A few cheers and jeers:
- Hooray: Homer looks for his online ordination so that he can make
dough off of the crowds of gays that Rev. Lovejoy won’t marry.
(Lovejoy says the Bible forbids gay marriage, Marge asks which book,
Lovejoy says, “The Bible!”, Marge tries to talk further, Lovejoy rings
the church bells to drown her out.) One of the churches Homer
almost gets his ordination from is the “e-Piscopal Church.” If the
Simpsons make fun of you, you’ve come around. - Boo! Hiss!:
Fox runs from the FCC. Before the episode began, we were advised
that “Due to mature themes discussing gay marriage, viewer discretion
is advised.” For God’s sake, it’s the Simpsons. If
anything, this show’ll probably deal with it with more maturity and
good sense than anything else on the airwaves. Which says
something about the discourse around this in our country right
now. Actually, it doesn’t really, because the Simpsons continues
to prove one of the most insightful and intelligent pieces of popular
culture that our society produces. - Yay!: When Homer runs out
of gay couples to marry, $200 short of the $14,800 he needs for a 62″
TV, he wonders aloud if he could get Lenny and Carl to marry.
Marge: “You leave them alone to figure that out themselves!”
Lenny and Carl — not just potentially gay, but interracially
gay. (As Homer’s hand note once said, “Lenny=white, Carl=black.”) - Cheer: Why do the people of Springfield decide to legalize gay marriage? Because they offend a Southern bumpkiny television host,
who declares Springfield the worst town he’s ever visited, and it
destroys their tourist industry. So to make quick money off “all
the disposable income” gays have, they legalize marriage. - Which raises the question in a backhanded way of how much of the screaming we’re
going at right now is really about preserving some fundamental social
value, and how much is about preserving power and money? Even
George Bush recognized that certain “religious leaders” hypocritically
care more about using gays as power-raising scapegoats than about gays
as people.
Later, he read aloud an aide’s report from a convention of the
Christian Coalition, a conservative political group: “This crowd uses
gays as the enemy. It’s hard to distinguish between fear of the
homosexual political agenda and fear of homosexuality, however.”“This is an issue I have been trying to downplay,” Mr. Bush said. “I think it is bad for Republicans to be kicking gays.”

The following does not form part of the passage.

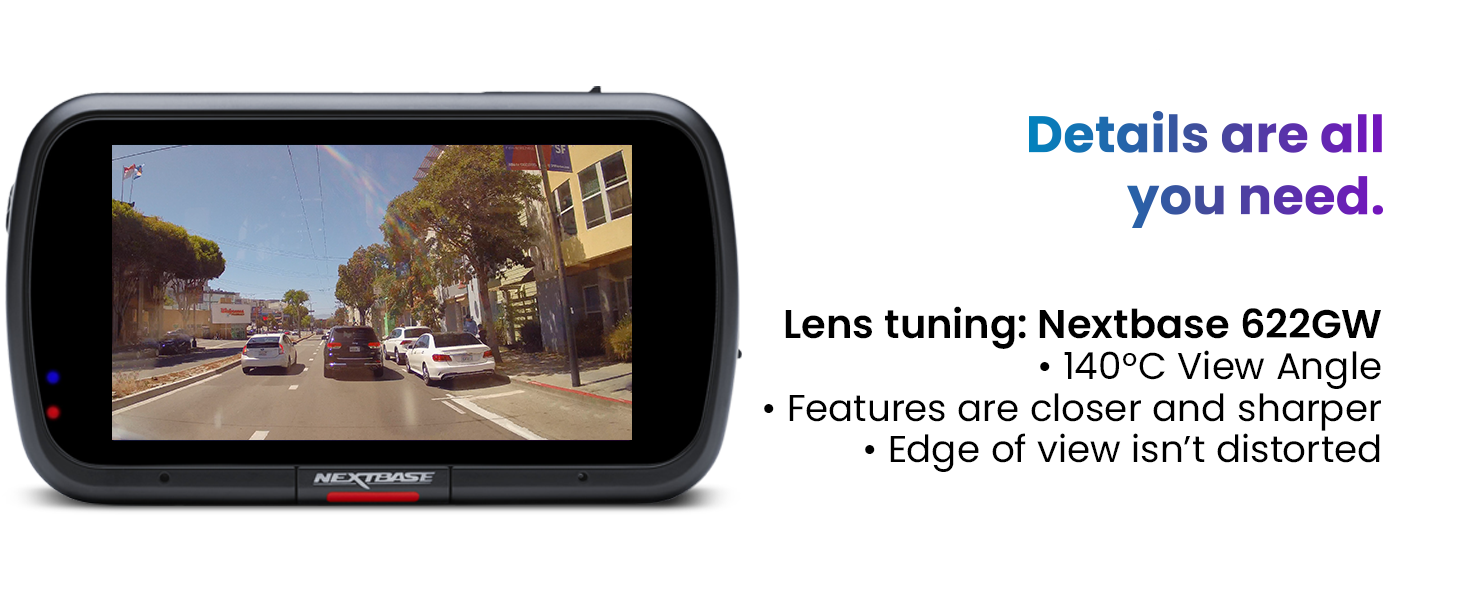 Nextbase Example dash cam shot 6g glass lens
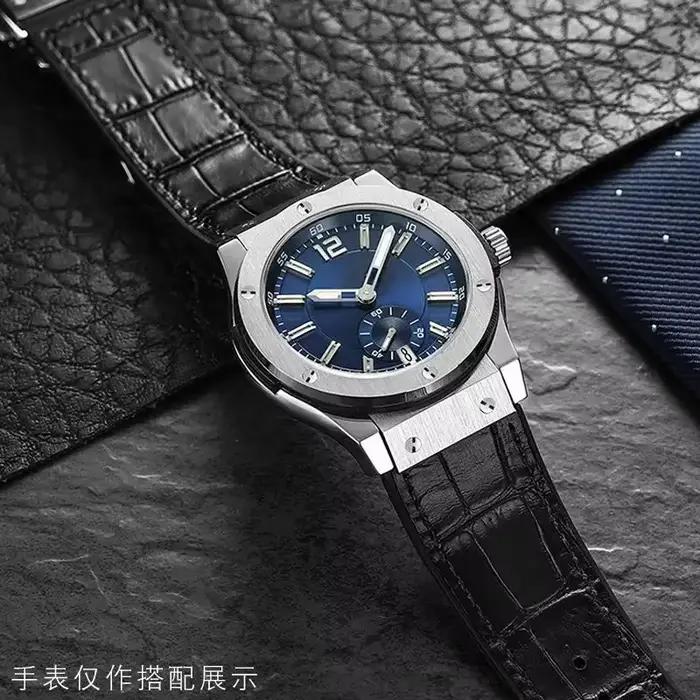 Bracelet de montre en cuir de vachette pour HUCombination T Hengbao Yubo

Told that one conservative supporter was saying Mr. Bush had pledged
not to hire gay people, Mr. Bush said sharply: “No, what I said was, I
wouldn’t fire gays.”
I’m sure that plenty of the culture-protectors of the “Christian” right
will critique and bash the show without having seen it, claiming that
we shouldn’t put such divisive moral issues on a show that entertains
children. (They’re only like this because they know they cannot
win this “battle”, that history has shown up many of the right’s “moral” stands as cloaked bigotry.)
But the Simpsons has always been more than
entertainment. In putting the mirror of humor up to fear and
hatred and stupidity, it defuses it more effectively than almost
anything else.
In making fun of all of us, it puts us in perspective and in our
place. If Homer, an uber anti-hero, can deal with it — whatever
“it” is this week — then what are we making such a fuss about?
If you’ll permit a slight Anglican intrusion (other than that above),
the Archbishop of Canterbury, Rowan Williams, a pretty hefty
intellectual himself, has called the show “one of the most subtle
pieces of propaganda around in the cause of sense, humility and
virtue.” He also said, “It’s generally on the side of the angels
and on the side of sense. It
punctures lots of pompous fictions about how the world works.”
And it did that tonight. It portrayed our national “debate”
accurately, in some sense, and we look pretty much like the fools that
we are. But you can only really be a fool when you take yourself seriously.